Saat tiba di lokasi tanaman lombok Wabup Tomy Satria langsung ikut memetik lombok merah yang sudah siap panen. Ia tampak menikmati dan betah memetik lombok merah satu persatu dari dahannya dan memasukkannya dalam ember. Hampir satu jam Tomy menongkrongi lahan lombok yang luasnya kurang lebih 1 hektar. Ia pun mengaku mendapat kepuasan batin saat ikut memanen lombok merah tersebut.
Syuaib mengutarakan jika tanaman lombok yang dicoba pertama kalinya ini menghasilkan buah lombok yang banyak. Bibit lombok yang ditanam adalah Pilar F1 dengan jumlah sekitar 2.500 pohon. Setiap lima hari ia mengaku mendapatkan hasil panen rata-rata 200 kilogram dengan harga 25 ribu rupiah per kilogram.
“Mengenai pemasarannya, saya tidak khawatir karena justru saya memilih harga tertinggi yang ditawarkan para pedagang,” ungkap Syuaib yang sebelum bertani lombok mengaku hanya bertani merica dan cengkeh.
Dikatakannya untuk panen tahap pertama, ia bisa melakukan panen 7 sampai 8 kali. Kalau buahnya sudah habis, maka akan dilakukan pemupukan kembali sehingga muncul tunas baru untuk buah panen tahap kedua.
Saat memulai bertani tanaman lombok jenis Pilar F1 3 bulan lalu, ia mencatat pengeluaran yang sudah dipakai sekitar Rp 10 juta untuk membiayai sewa traktor, pemupukan, pengadaan plastik pelindung (Mulsa) serta biaya genset untuk penyiraman air secara rutin.
“Alhamdulillah panen tahap pertama ini sangat memuaskan.

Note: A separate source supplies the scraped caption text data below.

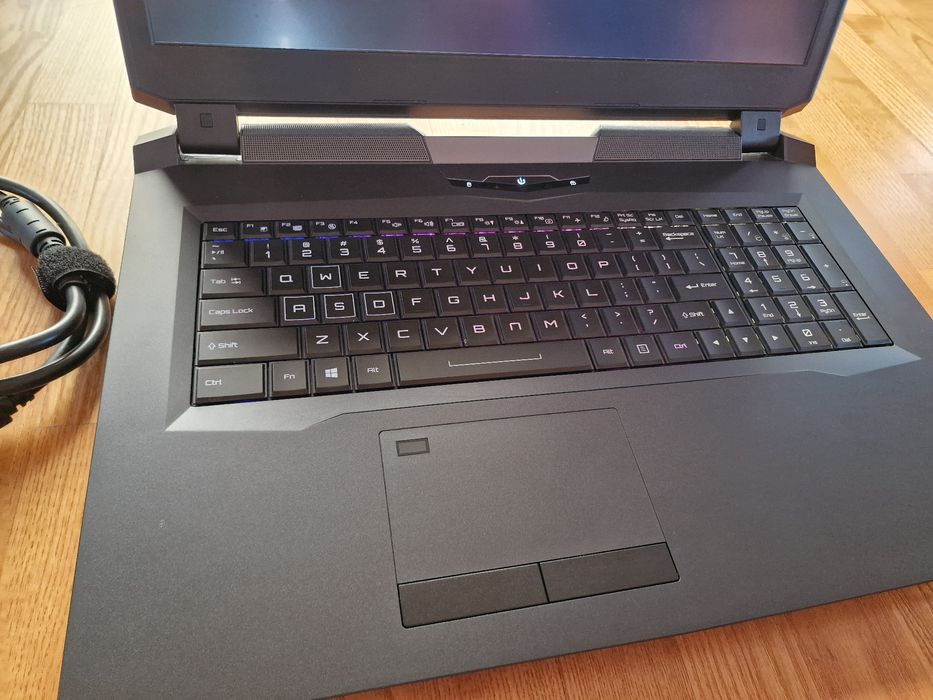 Laptop Eurocom, Sky X7C, cu procesor Intel Core i9 9900K k nou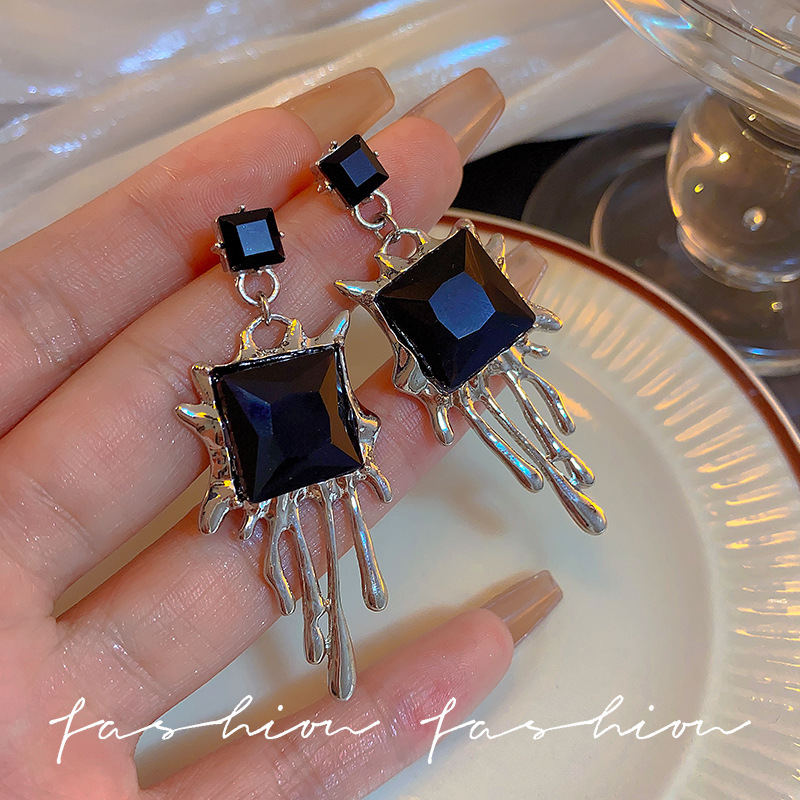 925 Silver needle Sweet and cool style light luxury dark temperament high-end earrings, Internet celebrity cold trend hip-hop hot girl stud earrings details Picture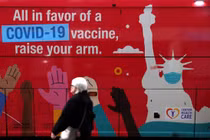 Thông điệp tiêm vaccine trên một phòng khám di động ở New York, Mỹ (Ảnh: Reuters)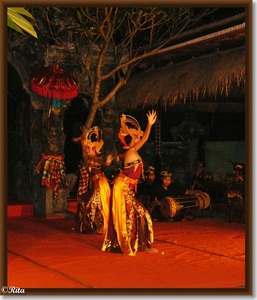 Balinese dansen bij Dwi Mekar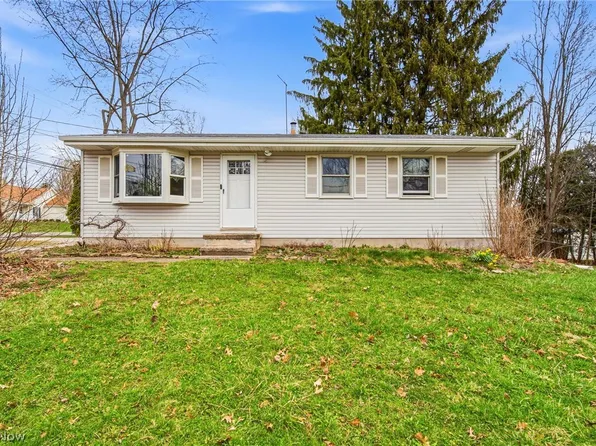 2535 Sears Rd, Stow, OH 44224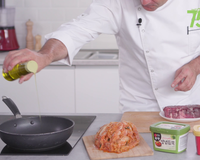 Tataki de bœuf frotté au Gochujang salade croquante de kimchi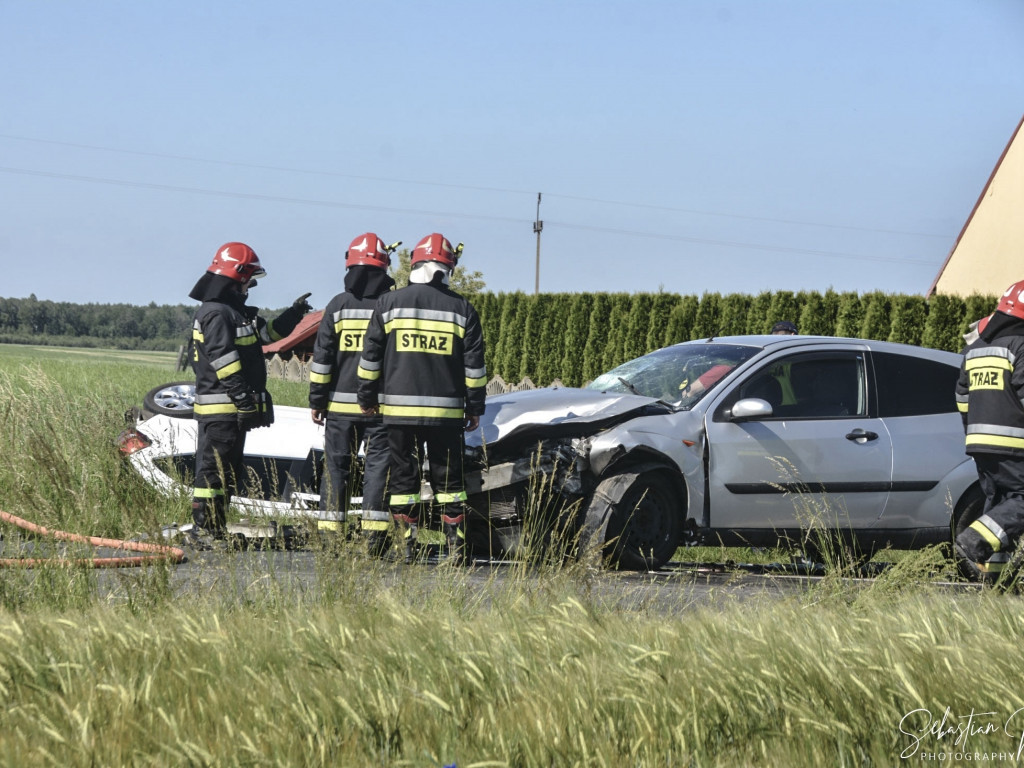 SULMIERZYCE. Wypadek 3 samochodów. 5 osób w szpitalach (FOTO)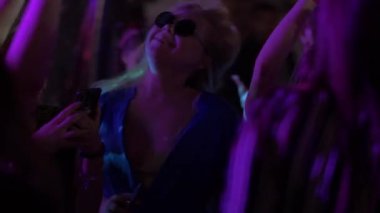 Yaz aylarında bir gece kulübünde parti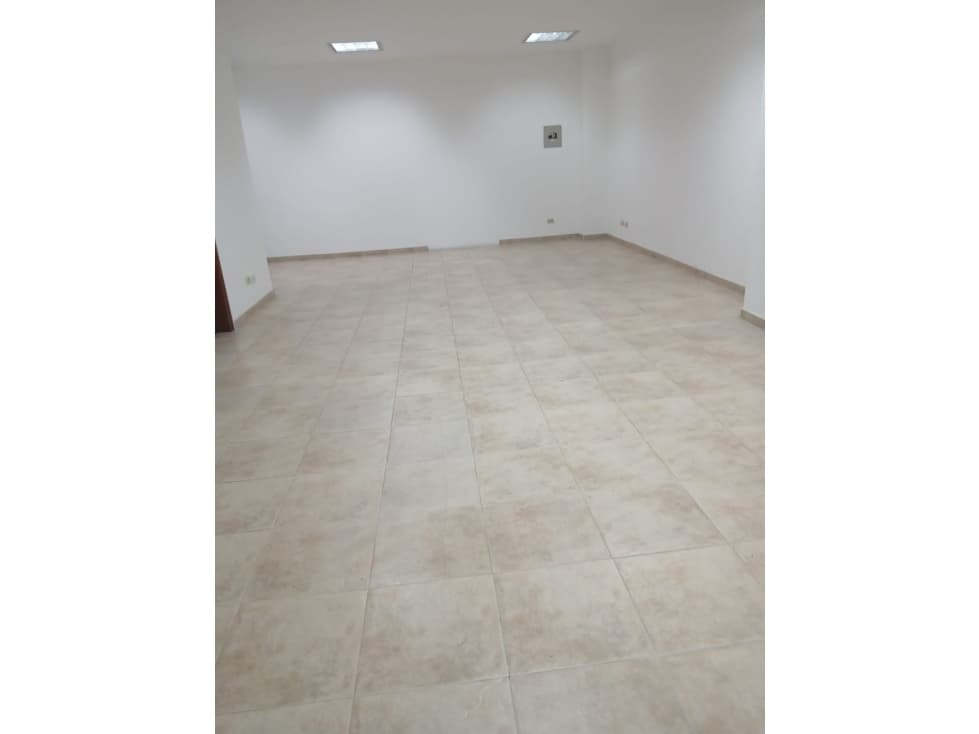 OFICINA EN VENTA - SECTOR CENTRO, EDIFICIO TORCORAMA — foto 1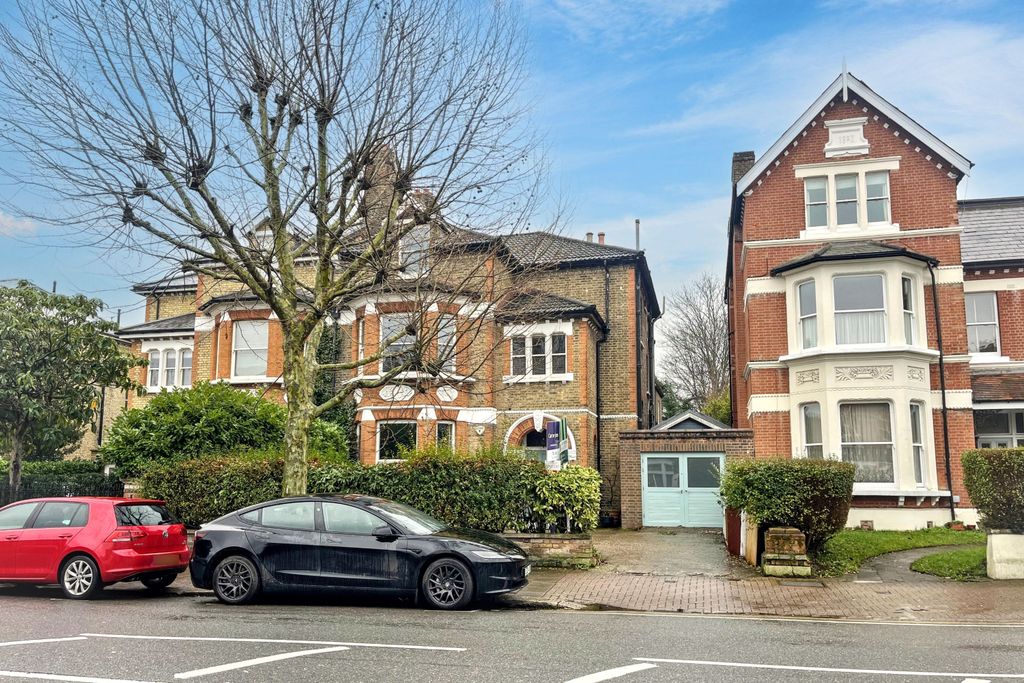 Property photo 2 of 17 31B Earlsfield Road, Wandsworth, London Sw18 3Db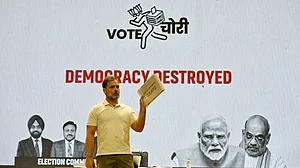 'देश में वोट की हो रही चोरी’, राहुल गांधी ने 'सबूतों के साथ' किया दावा, चुनाव आयोग पर लगाए गंभीर आरोप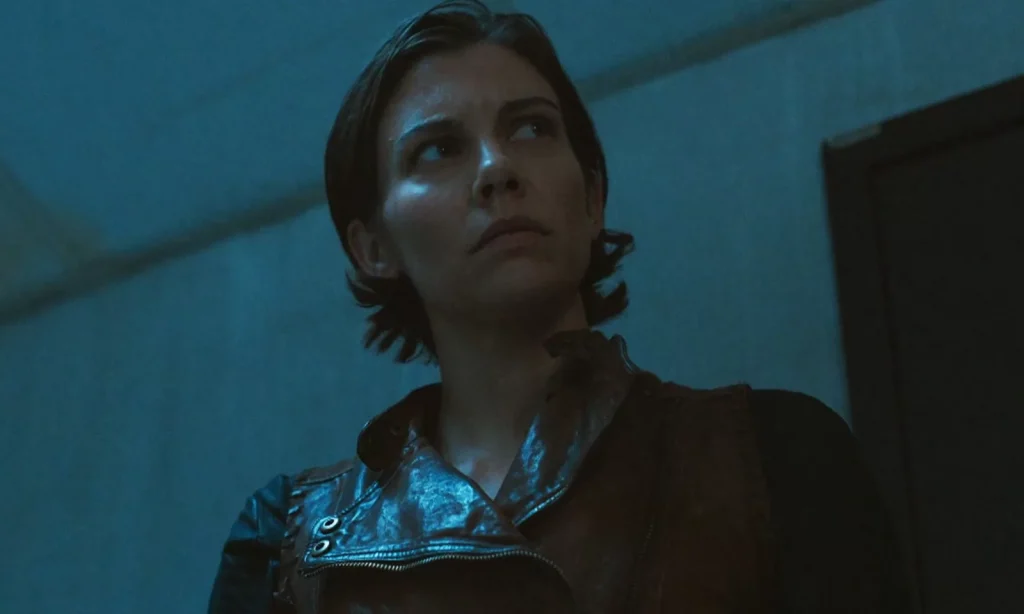 Maggie observando algo ou alguém em cena do episódio 4 da 1ª temporada de The Walking Dead: Dead City.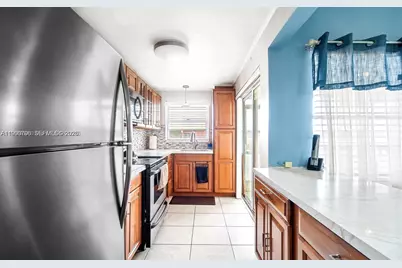 180 NE 12th Ave #14E, Hallandale Beach, FL 33009 - Photo 11
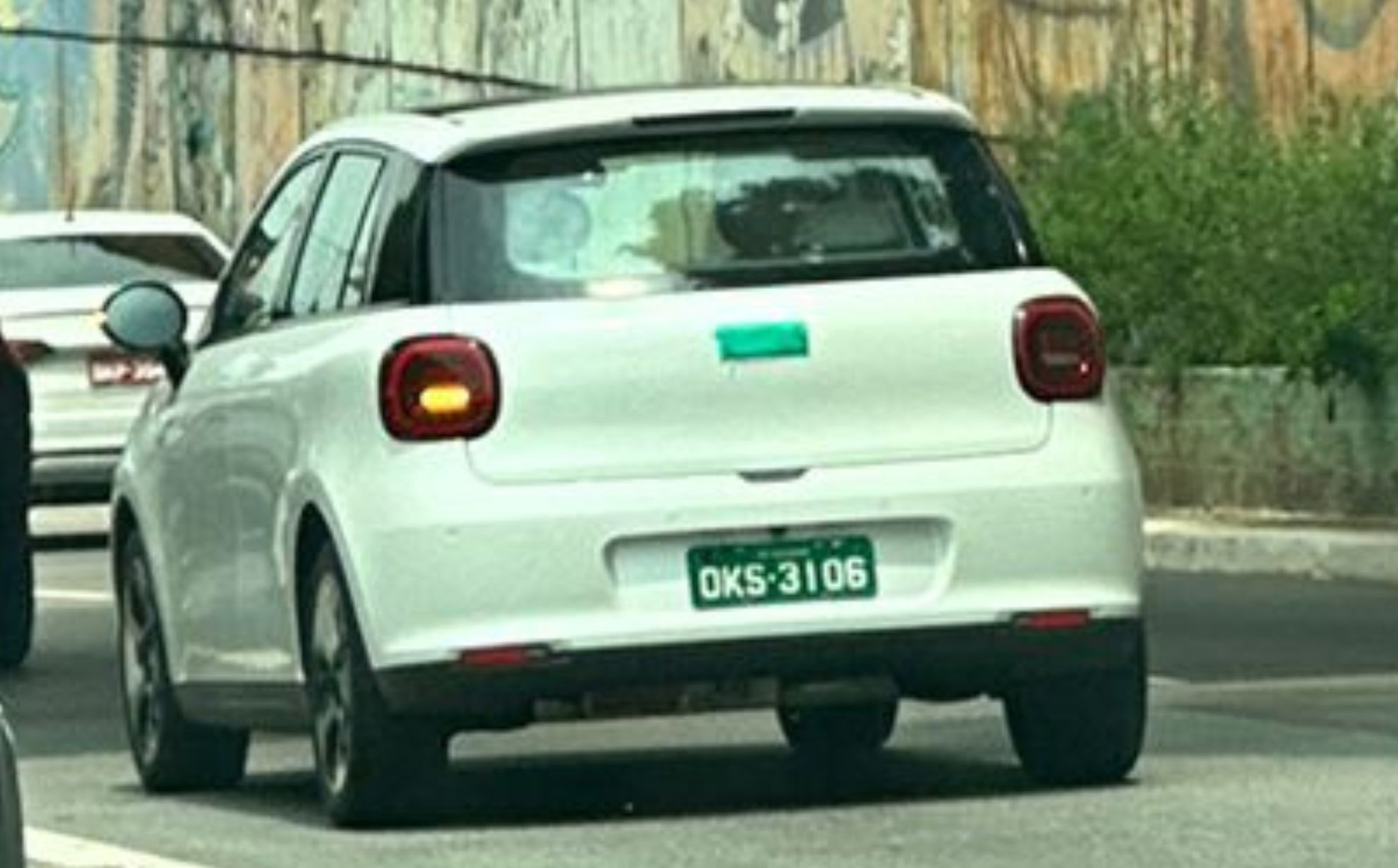 Flagra: Jac testa no Brasil carro elétrico que será rival de BYD Dolphin e GWM Ora 03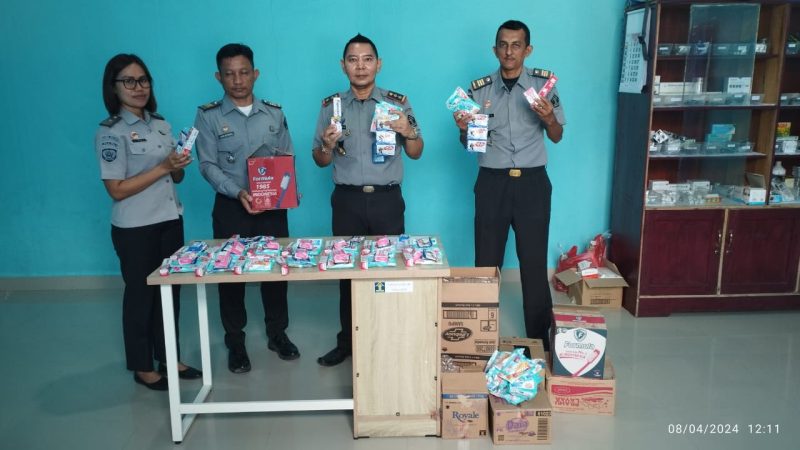 Penghujung Ramadhan, LPKA Palu Bagikan Peralatan Mandi kepada Anak Binaan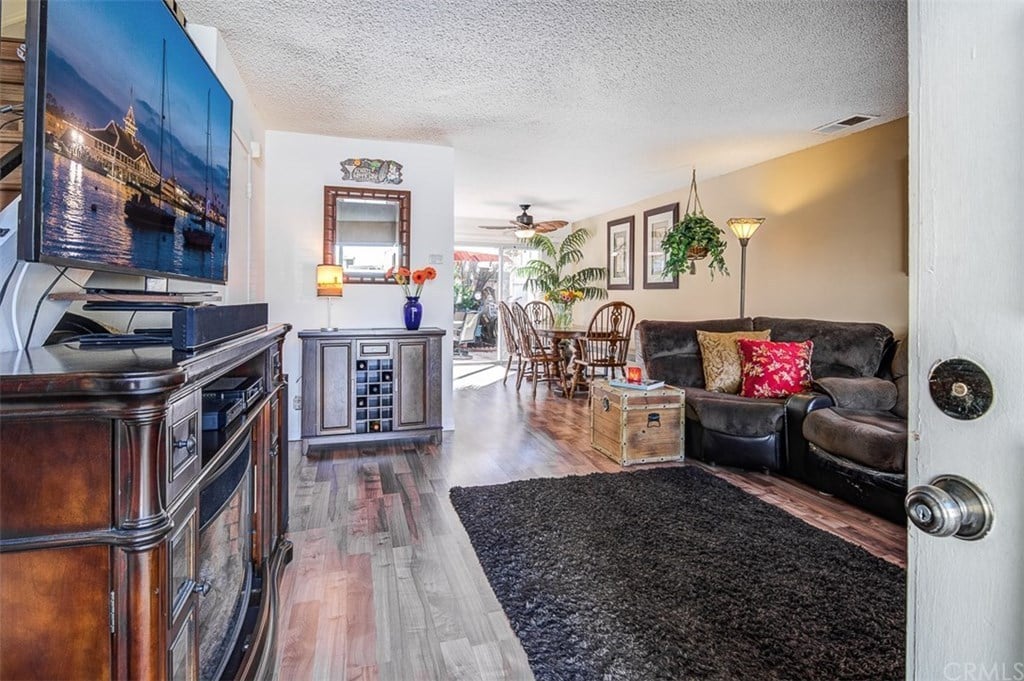9558 Bickley Dr #6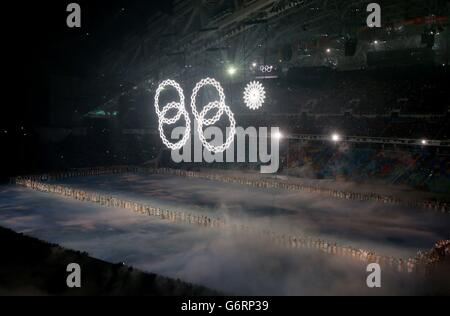 Olympische Winterspiele In Sotschi – Tag 0. Die Olympischen Ringe, die nicht geöffnet werden, während der Eröffnungszeremonie für die Olympischen Spiele 2014 in Sotschi, Russland. Stockfoto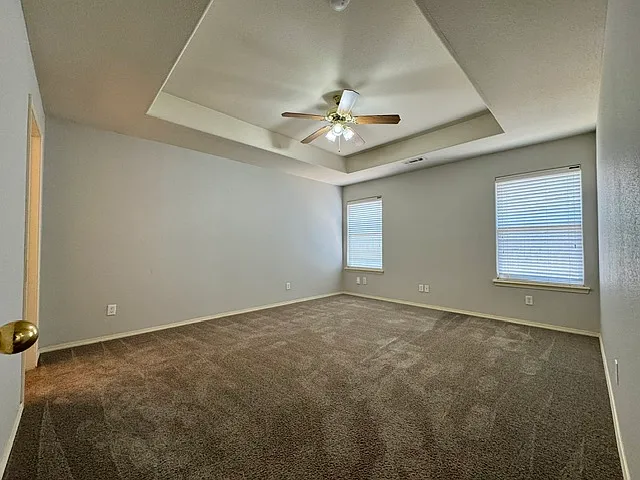 807 SW River Rock St — Photo 10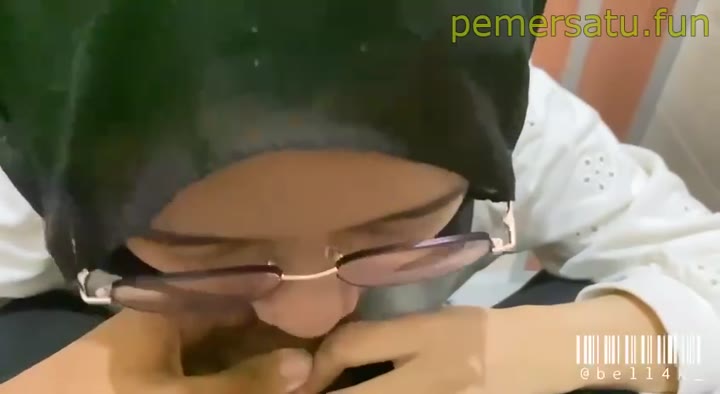 P7 Astrabella Hijab Kacamata Abg 18yo Sepong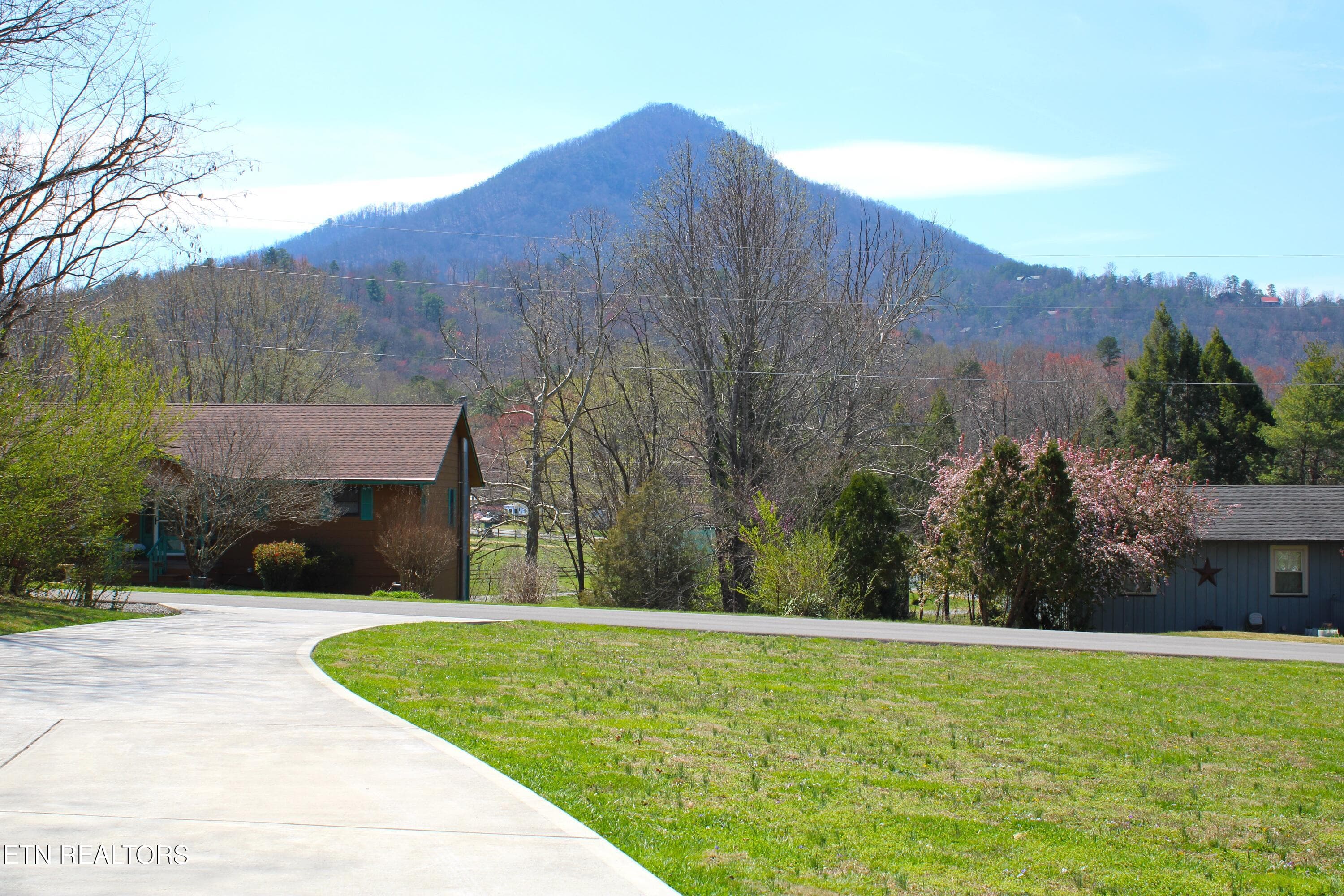 across st - 3623 Shelby Drive, Sevierville, TN 37862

Saya berharap harga lombok ini tidak turun sehingga kami bisa terus melanjutkan bertani lombok besar,” pinta Syuaib.
Menurut Tomy Satria panen lombok yang dikembangkan ini sangat luar biasa oleh karena betul-betul dibangun dari inisiatif warga yang dapat meningkatkan pendapatan keluarga.
“Ini contoh baik yang patut ditiru oleh warga lainnya, bagaimana memanfaatkan lahan atau kebun untuk tetap produktif untuk meningkatkan pendapatan masyarakat kita,” puji Tomy.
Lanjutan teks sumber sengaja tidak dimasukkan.